▸ **EXERCISE DESCRIPTION**:
Beginning with the opening line, set down each line of the material below exactly, stopping once the line with "corridor with hardwood / wood-style floors" is done.

▸ **AVAILABLE DATA**:
--- START ---
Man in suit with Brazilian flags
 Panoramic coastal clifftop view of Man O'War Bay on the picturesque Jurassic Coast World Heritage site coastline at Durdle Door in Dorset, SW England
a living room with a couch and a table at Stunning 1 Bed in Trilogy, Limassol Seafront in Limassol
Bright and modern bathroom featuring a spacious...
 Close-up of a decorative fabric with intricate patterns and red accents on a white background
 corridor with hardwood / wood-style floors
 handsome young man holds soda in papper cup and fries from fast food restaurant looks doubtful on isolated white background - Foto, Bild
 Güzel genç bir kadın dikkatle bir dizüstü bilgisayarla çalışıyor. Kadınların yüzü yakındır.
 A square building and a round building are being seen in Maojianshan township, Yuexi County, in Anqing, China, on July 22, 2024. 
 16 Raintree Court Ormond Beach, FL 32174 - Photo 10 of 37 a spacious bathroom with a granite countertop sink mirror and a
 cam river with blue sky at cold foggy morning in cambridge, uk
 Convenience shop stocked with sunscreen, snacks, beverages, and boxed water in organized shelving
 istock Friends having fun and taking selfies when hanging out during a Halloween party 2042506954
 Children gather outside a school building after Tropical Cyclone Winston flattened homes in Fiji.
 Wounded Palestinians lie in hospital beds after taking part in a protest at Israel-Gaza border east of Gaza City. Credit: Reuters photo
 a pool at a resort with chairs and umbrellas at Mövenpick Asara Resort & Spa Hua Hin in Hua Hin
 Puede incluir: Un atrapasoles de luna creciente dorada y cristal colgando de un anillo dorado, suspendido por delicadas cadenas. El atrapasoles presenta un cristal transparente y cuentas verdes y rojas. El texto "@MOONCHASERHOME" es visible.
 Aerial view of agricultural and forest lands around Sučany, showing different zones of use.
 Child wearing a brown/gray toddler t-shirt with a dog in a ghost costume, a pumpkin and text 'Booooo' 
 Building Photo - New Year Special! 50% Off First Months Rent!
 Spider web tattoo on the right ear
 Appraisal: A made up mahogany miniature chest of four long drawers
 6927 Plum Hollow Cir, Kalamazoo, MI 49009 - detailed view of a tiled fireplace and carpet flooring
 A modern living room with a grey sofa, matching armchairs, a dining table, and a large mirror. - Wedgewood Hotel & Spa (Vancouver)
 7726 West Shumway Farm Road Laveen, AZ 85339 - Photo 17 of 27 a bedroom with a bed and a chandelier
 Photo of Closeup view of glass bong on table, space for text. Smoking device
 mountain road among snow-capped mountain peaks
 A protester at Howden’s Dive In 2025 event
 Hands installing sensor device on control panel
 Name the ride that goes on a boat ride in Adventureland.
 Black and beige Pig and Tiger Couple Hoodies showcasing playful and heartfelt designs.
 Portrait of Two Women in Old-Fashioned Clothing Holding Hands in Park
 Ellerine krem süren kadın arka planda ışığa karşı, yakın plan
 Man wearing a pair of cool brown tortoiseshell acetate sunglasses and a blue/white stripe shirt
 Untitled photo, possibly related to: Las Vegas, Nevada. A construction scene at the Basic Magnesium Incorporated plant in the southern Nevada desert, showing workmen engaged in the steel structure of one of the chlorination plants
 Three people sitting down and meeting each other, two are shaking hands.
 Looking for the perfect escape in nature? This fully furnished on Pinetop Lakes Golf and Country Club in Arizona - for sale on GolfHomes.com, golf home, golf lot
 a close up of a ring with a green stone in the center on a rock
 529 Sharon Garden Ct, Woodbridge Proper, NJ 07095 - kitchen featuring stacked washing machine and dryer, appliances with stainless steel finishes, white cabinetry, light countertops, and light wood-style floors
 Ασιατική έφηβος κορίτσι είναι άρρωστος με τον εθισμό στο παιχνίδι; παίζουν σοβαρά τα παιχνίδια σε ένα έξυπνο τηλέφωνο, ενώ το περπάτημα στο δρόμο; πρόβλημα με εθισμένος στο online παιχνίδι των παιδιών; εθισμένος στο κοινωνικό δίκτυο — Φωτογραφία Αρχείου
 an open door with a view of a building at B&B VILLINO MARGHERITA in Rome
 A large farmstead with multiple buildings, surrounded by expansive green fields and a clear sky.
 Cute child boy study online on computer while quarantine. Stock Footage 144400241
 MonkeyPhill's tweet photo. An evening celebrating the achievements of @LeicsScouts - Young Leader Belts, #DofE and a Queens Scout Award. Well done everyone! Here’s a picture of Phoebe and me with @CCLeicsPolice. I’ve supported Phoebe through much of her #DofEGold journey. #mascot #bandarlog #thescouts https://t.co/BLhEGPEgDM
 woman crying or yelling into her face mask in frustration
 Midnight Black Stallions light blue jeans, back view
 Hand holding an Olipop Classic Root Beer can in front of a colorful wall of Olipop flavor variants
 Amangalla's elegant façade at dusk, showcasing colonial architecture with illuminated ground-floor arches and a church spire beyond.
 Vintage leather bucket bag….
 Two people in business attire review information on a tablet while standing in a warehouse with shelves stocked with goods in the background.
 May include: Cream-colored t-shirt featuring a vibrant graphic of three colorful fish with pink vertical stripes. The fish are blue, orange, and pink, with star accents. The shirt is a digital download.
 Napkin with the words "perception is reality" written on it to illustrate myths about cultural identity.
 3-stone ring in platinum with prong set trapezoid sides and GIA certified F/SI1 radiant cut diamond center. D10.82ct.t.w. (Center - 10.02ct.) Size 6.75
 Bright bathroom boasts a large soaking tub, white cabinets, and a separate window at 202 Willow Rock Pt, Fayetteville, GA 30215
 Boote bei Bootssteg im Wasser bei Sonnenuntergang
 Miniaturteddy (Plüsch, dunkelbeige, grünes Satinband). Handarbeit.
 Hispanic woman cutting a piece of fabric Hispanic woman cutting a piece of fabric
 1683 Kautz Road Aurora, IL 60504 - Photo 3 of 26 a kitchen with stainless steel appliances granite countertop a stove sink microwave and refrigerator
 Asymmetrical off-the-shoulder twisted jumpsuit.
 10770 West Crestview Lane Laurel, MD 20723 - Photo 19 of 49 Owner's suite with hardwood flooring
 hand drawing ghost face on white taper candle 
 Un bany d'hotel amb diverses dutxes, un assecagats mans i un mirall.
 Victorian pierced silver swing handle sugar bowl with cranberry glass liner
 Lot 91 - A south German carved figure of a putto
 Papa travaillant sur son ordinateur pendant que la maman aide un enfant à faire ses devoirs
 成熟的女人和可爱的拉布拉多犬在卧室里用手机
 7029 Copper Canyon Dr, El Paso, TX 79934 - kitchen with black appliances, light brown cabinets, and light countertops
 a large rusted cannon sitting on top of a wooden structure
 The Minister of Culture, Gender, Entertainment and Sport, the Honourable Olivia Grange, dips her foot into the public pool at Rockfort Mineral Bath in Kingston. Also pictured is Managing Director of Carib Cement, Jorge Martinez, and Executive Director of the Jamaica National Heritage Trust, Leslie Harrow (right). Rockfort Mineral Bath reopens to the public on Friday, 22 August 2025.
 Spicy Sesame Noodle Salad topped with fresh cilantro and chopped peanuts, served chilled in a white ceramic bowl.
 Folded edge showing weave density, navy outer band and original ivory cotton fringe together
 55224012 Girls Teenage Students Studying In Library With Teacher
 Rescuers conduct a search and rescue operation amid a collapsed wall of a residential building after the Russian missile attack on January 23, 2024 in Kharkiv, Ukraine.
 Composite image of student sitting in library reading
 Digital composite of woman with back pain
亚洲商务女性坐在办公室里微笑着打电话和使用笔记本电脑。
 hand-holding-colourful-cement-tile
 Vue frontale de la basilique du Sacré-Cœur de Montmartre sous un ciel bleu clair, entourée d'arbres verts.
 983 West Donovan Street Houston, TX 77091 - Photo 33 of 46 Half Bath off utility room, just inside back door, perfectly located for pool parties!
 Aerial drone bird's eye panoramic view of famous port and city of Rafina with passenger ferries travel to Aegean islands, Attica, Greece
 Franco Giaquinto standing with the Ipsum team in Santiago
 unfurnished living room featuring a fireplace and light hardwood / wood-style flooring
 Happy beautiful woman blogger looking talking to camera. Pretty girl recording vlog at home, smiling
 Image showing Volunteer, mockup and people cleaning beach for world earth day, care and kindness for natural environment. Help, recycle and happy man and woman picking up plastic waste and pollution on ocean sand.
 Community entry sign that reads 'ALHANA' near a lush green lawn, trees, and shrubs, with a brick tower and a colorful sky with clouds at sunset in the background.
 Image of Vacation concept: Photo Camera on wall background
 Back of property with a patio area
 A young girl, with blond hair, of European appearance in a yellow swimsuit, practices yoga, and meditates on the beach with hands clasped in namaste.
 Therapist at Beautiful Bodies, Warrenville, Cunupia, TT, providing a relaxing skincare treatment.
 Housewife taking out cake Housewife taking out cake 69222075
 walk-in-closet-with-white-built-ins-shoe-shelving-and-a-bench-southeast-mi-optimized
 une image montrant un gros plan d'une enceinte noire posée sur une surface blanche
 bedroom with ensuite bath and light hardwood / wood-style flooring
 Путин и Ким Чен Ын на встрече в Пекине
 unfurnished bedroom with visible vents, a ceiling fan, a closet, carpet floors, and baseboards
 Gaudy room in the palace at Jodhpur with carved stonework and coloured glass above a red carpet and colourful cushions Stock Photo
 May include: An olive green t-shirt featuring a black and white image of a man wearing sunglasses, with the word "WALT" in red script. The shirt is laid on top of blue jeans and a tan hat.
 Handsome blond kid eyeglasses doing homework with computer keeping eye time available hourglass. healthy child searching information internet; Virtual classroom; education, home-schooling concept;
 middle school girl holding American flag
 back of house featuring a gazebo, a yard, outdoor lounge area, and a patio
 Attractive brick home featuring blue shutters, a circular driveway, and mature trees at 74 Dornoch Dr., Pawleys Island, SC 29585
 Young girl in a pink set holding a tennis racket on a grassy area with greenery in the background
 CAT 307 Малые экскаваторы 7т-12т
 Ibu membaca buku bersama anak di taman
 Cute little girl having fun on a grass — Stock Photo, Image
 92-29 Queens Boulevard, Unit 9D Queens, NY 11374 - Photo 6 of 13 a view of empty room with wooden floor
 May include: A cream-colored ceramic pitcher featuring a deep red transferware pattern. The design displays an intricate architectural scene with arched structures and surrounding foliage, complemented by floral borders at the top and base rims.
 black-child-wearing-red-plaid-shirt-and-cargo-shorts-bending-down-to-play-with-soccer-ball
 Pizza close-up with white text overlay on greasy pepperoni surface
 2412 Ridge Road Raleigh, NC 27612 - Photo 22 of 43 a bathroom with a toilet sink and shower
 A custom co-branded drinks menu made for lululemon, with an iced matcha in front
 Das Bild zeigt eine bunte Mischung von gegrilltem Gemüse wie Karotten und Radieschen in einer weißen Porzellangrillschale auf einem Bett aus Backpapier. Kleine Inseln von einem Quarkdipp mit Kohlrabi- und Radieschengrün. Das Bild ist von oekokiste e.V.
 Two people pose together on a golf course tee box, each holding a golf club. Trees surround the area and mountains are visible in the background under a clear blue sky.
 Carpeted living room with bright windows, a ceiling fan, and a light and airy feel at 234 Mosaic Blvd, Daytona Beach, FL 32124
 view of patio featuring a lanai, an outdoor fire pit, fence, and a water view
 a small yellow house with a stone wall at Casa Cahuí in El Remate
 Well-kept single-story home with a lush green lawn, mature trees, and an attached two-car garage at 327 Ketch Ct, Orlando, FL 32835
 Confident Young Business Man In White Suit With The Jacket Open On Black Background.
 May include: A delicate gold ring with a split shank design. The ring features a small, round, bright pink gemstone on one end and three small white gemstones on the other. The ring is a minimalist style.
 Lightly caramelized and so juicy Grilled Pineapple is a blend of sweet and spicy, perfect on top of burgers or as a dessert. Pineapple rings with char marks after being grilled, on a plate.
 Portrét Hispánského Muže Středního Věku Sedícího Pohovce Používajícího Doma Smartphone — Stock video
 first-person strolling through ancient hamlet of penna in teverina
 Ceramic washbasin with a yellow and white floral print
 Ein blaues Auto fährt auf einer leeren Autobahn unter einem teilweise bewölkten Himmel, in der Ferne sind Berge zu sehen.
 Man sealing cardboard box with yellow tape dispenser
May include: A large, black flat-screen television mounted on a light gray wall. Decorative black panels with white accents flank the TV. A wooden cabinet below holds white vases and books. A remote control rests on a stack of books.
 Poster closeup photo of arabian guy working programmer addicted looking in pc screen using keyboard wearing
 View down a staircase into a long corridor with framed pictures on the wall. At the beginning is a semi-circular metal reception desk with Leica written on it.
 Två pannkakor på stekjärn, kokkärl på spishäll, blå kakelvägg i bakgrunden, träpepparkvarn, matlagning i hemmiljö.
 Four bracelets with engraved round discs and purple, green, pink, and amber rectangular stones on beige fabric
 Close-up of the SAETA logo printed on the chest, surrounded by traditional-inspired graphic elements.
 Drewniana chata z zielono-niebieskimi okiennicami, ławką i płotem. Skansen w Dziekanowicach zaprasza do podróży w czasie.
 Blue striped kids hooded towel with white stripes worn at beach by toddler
--- END ---
▸ **TASK RESULT**:
Man in suit with Brazilian flags
 Panoramic coastal clifftop view of Man O'War Bay on the picturesque Jurassic Coast World Heritage site coastline at Durdle Door in Dorset, SW England
a living room with a couch and a table at Stunning 1 Bed in Trilogy, Limassol Seafront in Limassol
Bright and modern bathroom featuring a spacious...
 Close-up of a decorative fabric with intricate patterns and red accents on a white background
 corridor with hardwood / wood-style floors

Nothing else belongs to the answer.